ACS 5.1 allowing accountants

Similar Questions

• ACS - ASA authorization and accounting

  Hello

  I have a few questions about the authorization and accounting on the ASA via an ACS server

  1. When I activate the command 'aaa authorization command' users of SSH commands I get locked on console then I have to configure the console, telnet and allow to be authenticated via Ganymede too, is it possible to allow SSH via Ganymede while keeping the Console and telnet authenticated locally or not even no authentication?
  2. I visited command 'aaa accounting TAC' accountant on ASA, but I noticed that GBA records just mod configuration commands ' focus on in 15 "not show all command or privilege 1, is possible to fix this?"»
  3. RADIUS supports authorized SHELL?

  Thank you for your support

  1.] Unfortunately, it is currently not possible to exclude the command authorization serial number / console or ssh to users while having it apply to other methods of access in the case of ASA. Once you run this command, it would be applicable to all methods such as ssh, telnet, http, enable and console.
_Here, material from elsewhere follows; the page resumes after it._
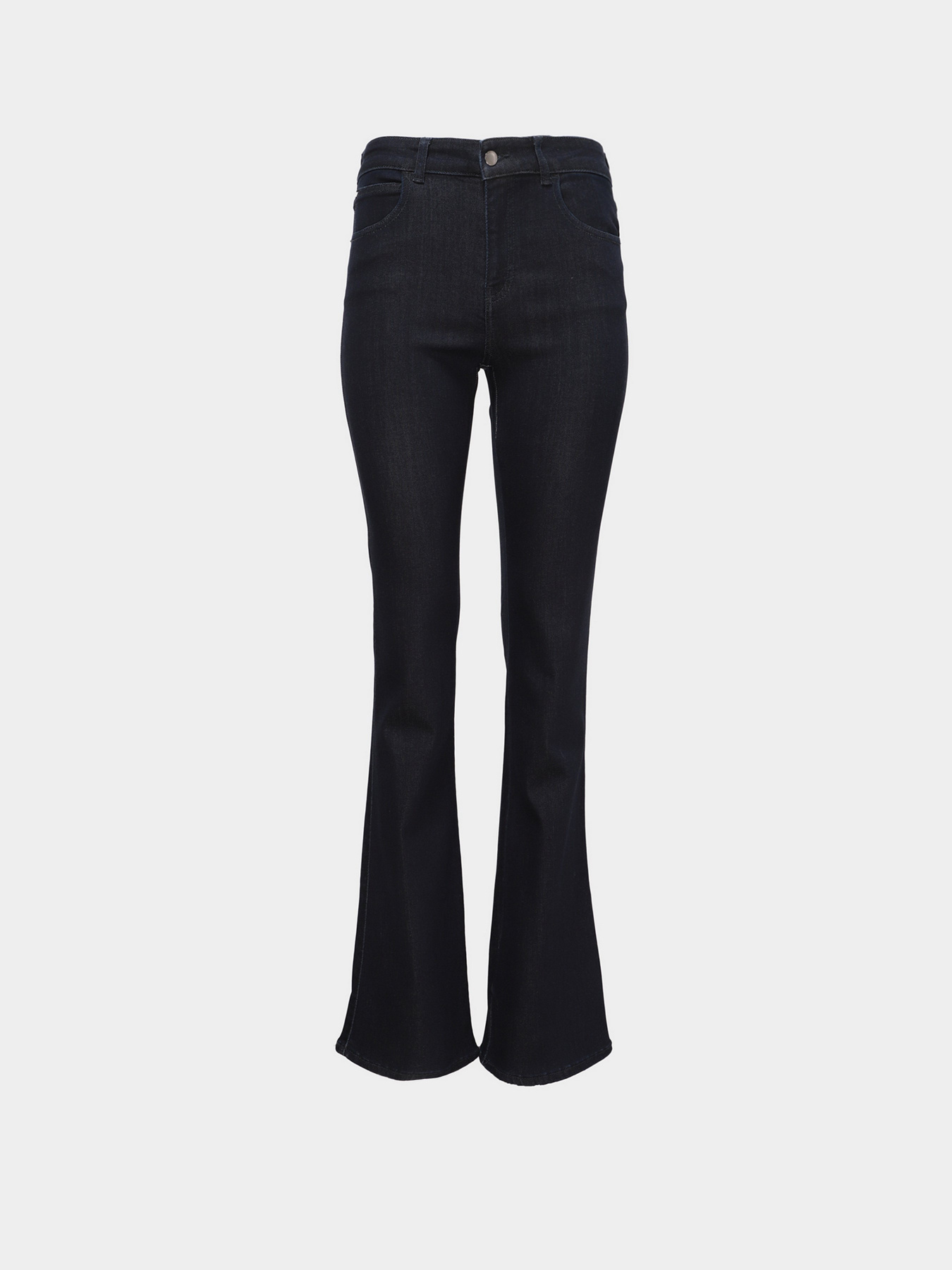 Расклешенные джинсы Emporio Armani модель 8N2J47-2DL2Z-0941 Фото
This can be easily achieved by IOS (routers and switches) by creating a list of method.

  2.] when configuring the aaa accounting command , each other than display command command commands entered by an administrator is recorded and sent to accounts or servers. This is a default behavior on the SAA. IOS send/check orders show on ACS/Ganymede.

  http://www.Cisco.com/en/us/docs/security/ASA/asa81/command/ref/A1.html

  Kind regards

  Jousset

  The rate of useful messages-

• ACS 3.1 user account disable failure attempts to exceed:

  I look through the documentation on ACS 3.1 and can't seem to find the default password attempts failed. What I want to know is if there is a time limit for how long between password attempts failed the counter is reset. ACS retains an infinite number of the race and after failed attempts the account determined locks if there were 2 minutes or 2 weeks between failed attempts or there at - it some time, after which the failed attempts are disabled?

  Thanks in advance.

  There is no timetable associated with it. If the user enters an incorrect password 5 times in a row (by default) over a period of time, the account is disabled.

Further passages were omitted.